_Supplied material:_

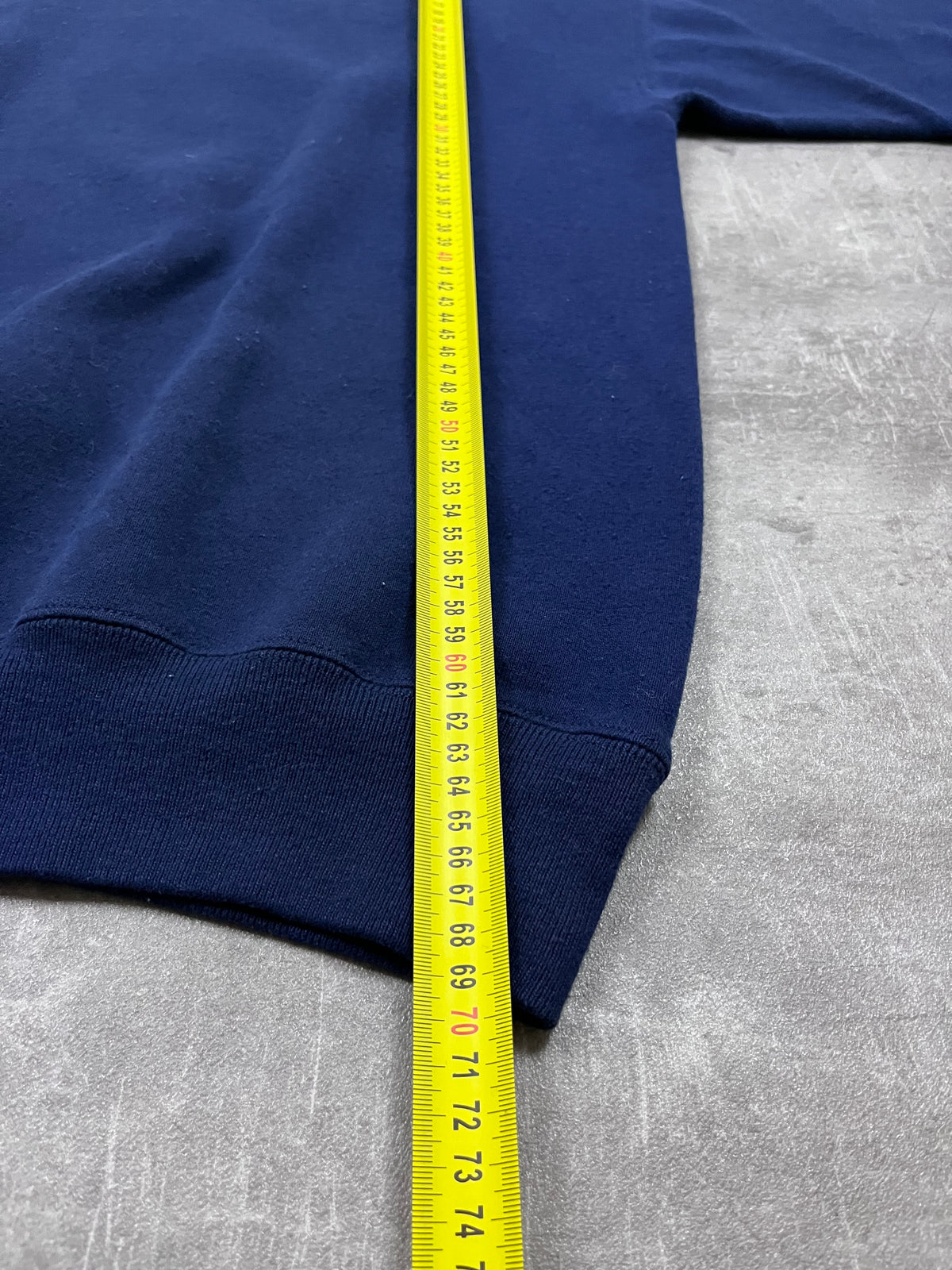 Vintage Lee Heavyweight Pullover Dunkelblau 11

---

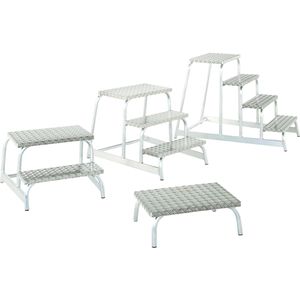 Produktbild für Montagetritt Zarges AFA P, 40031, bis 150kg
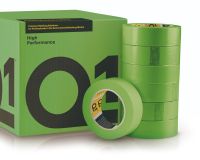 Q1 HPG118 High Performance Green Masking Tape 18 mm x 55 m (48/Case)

_Task brief:_
Although pictures appear among the records above, write out exactly only the lines from the one that has "Produktbild für Montagetritt" through the one that has "Q1 HPG118 High", and leave the pictures out.

_Solution to the exercise:_
 Produktbild für Montagetritt Zarges AFA P, 40031, bis 150kg
 Q1 HPG118 High Performance Green Masking Tape 18 mm x 55 m (48/Case)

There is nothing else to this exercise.